John clutched his belongings and followed.

Mollie got sick with a flu, then her period came and made her feel worse, so she slipped away from John while he was begging and camped out in the basement of an abandoned auto-parts store. Two scavenged, rogue electric-heaters kept the place almost tolerable and with bad weather there were always a few homeless bundled up and sleeping on the floor.

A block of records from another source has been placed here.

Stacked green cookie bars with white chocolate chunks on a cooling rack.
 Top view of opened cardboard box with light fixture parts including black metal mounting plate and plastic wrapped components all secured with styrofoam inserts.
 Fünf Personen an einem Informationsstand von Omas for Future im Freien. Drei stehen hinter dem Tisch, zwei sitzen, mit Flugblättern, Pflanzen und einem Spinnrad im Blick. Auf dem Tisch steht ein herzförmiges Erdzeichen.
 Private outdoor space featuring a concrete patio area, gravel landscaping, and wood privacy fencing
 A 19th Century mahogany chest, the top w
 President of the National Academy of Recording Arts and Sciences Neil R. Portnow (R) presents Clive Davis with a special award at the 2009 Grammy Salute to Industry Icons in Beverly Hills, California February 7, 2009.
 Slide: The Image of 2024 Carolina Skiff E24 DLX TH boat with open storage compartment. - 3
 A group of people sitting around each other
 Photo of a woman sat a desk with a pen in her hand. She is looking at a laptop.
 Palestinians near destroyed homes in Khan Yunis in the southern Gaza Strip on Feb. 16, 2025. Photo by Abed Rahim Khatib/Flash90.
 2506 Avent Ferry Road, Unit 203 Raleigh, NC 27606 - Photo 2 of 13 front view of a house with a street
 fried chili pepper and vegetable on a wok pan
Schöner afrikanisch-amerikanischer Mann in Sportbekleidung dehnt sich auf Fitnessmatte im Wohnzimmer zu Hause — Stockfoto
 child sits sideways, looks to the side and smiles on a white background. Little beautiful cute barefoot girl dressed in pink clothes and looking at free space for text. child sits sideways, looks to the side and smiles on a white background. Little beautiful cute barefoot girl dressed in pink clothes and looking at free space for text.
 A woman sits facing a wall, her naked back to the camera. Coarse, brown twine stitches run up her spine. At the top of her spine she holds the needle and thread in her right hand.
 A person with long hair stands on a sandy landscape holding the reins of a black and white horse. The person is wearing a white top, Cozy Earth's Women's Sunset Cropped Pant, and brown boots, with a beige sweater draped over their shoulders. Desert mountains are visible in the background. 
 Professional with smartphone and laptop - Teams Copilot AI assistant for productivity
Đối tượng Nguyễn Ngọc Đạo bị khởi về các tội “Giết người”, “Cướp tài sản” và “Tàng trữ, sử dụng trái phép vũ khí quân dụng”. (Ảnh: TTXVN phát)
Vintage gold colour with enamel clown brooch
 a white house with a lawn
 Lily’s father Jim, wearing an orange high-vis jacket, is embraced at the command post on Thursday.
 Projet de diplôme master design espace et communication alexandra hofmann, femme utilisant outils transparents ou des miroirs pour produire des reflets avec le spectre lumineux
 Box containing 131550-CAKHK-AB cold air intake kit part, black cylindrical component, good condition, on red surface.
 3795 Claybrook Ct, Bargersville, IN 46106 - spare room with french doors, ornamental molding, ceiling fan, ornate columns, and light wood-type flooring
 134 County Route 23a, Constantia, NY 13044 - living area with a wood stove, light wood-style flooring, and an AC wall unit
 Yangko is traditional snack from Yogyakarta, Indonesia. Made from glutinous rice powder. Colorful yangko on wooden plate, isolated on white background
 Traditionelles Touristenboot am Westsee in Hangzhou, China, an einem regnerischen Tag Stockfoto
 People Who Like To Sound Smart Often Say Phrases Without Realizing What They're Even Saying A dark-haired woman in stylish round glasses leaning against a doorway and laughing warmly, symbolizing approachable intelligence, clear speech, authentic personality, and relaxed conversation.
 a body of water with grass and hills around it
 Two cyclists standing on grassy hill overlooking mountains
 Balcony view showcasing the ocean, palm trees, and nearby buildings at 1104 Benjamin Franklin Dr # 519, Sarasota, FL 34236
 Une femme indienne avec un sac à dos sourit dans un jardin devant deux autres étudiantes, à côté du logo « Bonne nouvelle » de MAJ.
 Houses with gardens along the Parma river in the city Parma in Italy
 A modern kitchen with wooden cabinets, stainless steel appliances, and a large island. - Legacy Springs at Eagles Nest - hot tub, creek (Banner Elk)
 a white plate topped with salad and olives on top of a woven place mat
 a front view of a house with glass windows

For five days she left the hideout only to forage for food with Bunkie. On the fifth day, John came in through the back entrance. He carried a creased and torn cardboard flap from a large packing box to keep him warm and he settled in a dark corner, away from the center where three men congregated near the heaters. John waved to her but she didn’t respond.

A youth entered and planted his backpack on a dry spot on the damp dirt floor. He squinted in a darkness interrupted only by the glow from the wire coils of the heaters and took out a wooden nightstick a foot and a half long, raising it head-high in front of him. He faced John. “Who in the hell are you?” he snarled.

John grinned.

“What’s funny? You think I’m funny?”

“You funny,” John parroted, unable to think of anything to say.

The youth swung the nightstick at John’s head; John’s arm jerked up to parry the blow.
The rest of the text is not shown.